Nowhere is the central place of an indisputably flawed moment celebrated more extravagantly than during the rituals of the Triduum. Immediately after mourning the awful death of Jesus on the Good Friday hill, we praise the very reason for this destruction of innocence. Within hours we are exulting in an Exultet that proclaims the divine necessity of humanity’s first flaw – O felix culpa; O necessarium Adae peccatum. Our peak liturgical moment sings of a sin. St Thomas Aquinas believed that ‘if all evil were prevented, much good would be absent from the universe’.
On Holy Saturday, when this crucified Jesus descended into Hell, he consecrated the roots of our flaws from the inside, making them, forever, the possible sources of his newly risen life. Is not that why St Paul assures us that even our worst sins can paradoxically reveal a graced awakening? How often we misread those epiphanies of opportunity, those near occasions of grace! We label things too soon. ‘Out beyond right and wrong,’ wrote Rumi, ‘there’s a field. I’ll meet you there.’
A few years ago I slipped into Trinity College, Dublin to watch a rare performance of J.M.Synge’s first and briefest play When the Moon Sets. A young nun, allowed home for a funeral, falls in love with her distant cousin. Before returning to the convent she spent the days and nights in desperate prayer for guidance. ‘May God forgive me’, she finally whispers to the young man, ‘I will stay with you.’ He replies, ‘Why do people ask for God’s forgiveness for the most divine things they ever do?’
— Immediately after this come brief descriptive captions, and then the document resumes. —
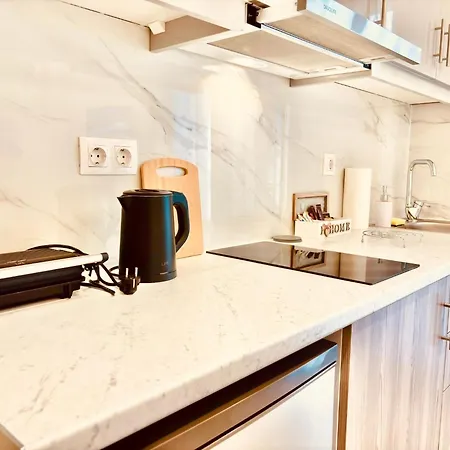 The Corfu Urban 아파트 *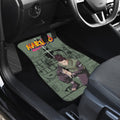 Nara Shikamaru Car Floor Mats NRT Anime Car Accessories Idea-Gear Wanta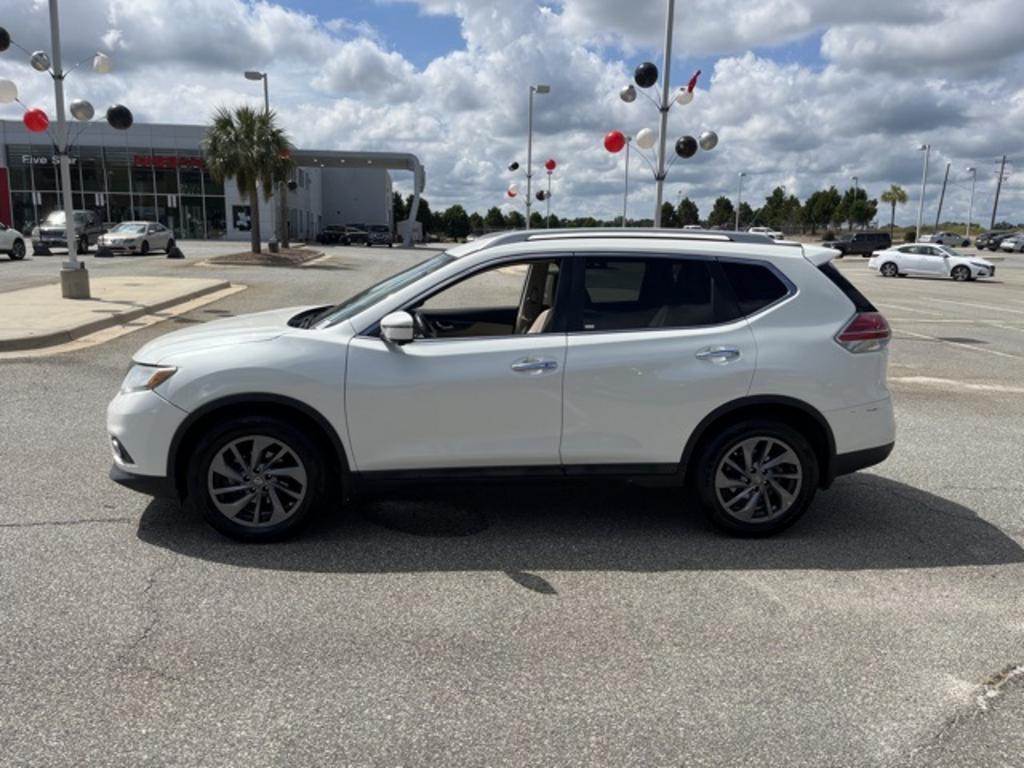 2016 Nissan Rogue - $14,000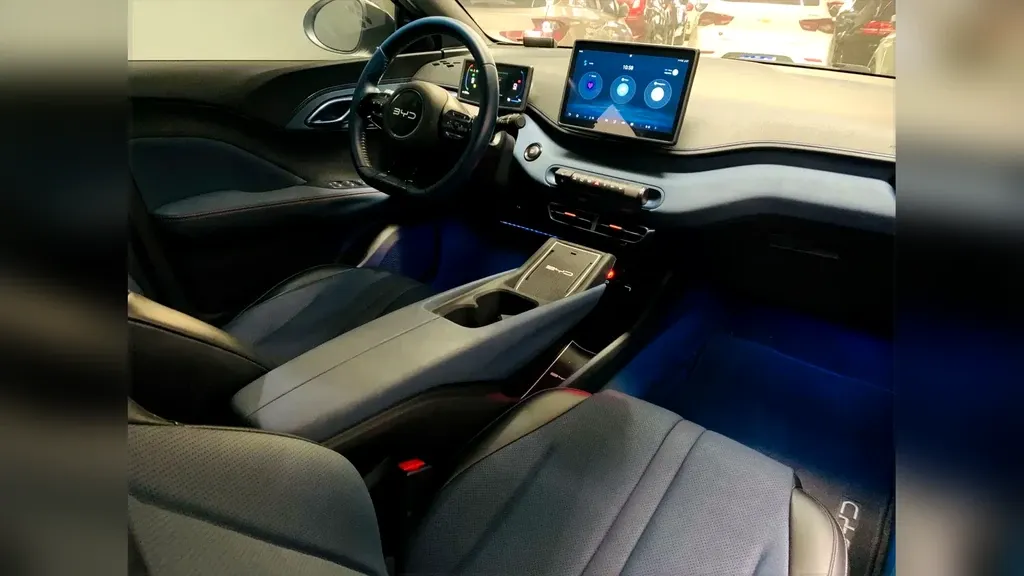 BYD Dolphin Mini - Imagem 10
There was a Russian Orthodox parishioner who, every chance she got, would bend Metropolitan Anthony’s ear about her progress in sanctity, her accumulation of virtues and her eradication of vices. On his annual Easter visit, she collared him again. ‘I have all the virtues now, Bishop’ she triumphantly blurted out, ‘and only one vice left.’ Metropolitan Anthony paused for a moment. He looked at her carefully. ‘ For God’s sake, woman,’ he earnestly whispered,‘ hang on to that vice.’
She who wants to have right without wrong
Order without disorder
Does not understand the principles
Of heaven and earth
She does not know how
Things hang together.
(Chuang Tzu fourth cent. BC)
Jesus never stopped warning us about getting it all wrong. We are congenital judgers of others. With our myopic take on things, we cannot really distinguish grace from sin, gift from flaw. ‘Don’t rush to pull the darn out too soon,’ he warned, ‘Let the weeds and wheat grow together. God will figure it all out on the last day.
The day before the Bishop’s visit to our parish a few of us were clearing up around the Church. As we came upon a patch of green and growing things, Tony, with his hoe at the ready, asked me ‘Are these weeds or flowers?’ That night I dreamt I was dying and looking at the patch-work quilt of my life spread out behind me. I was filled with wonder because everything was revealed to be quite different to what I thought.
The weakest patterns came from my proudest moments,
and my deeds of goodness were the most threadbare of all.
The finest colours, it was revealed to me,
were mixed at night, without permission.
And the shapes of beauty, only now so fitting,
were drawn with my left hand – wild and pagan.
And then I saw it – a shy and shining thread of gold –
(and remembered telling it in confession),
a moment that was unknowingly divine.